> Information supplied
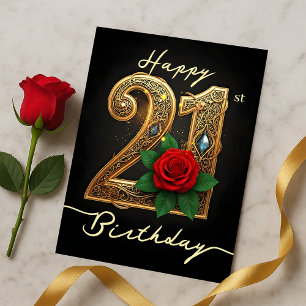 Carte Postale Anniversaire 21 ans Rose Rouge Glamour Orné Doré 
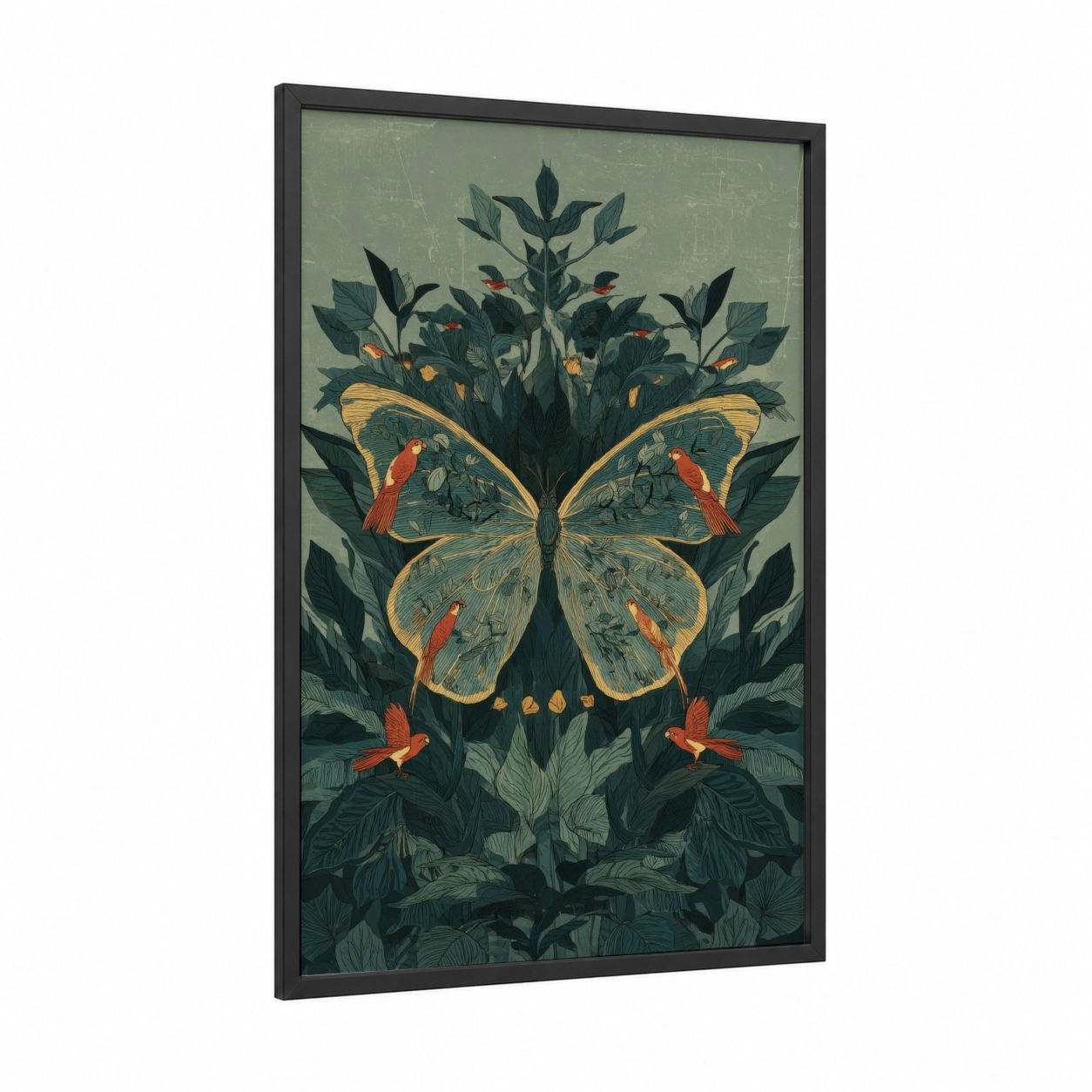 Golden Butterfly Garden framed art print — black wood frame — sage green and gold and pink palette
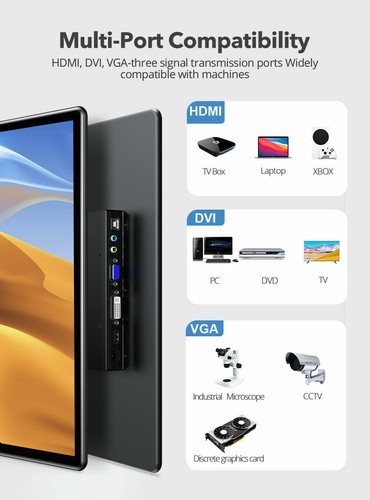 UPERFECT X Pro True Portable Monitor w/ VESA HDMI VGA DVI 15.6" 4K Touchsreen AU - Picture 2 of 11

> Exercise prompt
Copy the material exactly. Do not include the pictures.

> Output for this task
 Carte Postale Anniversaire 21 ans Rose Rouge Glamour Orné Doré 
 Golden Butterfly Garden framed art print — black wood frame — sage green and gold and pink palette
 UPERFECT X Pro True Portable Monitor w/ VESA HDMI VGA DVI 15.6" 4K Touchsreen AU - Picture 2 of 11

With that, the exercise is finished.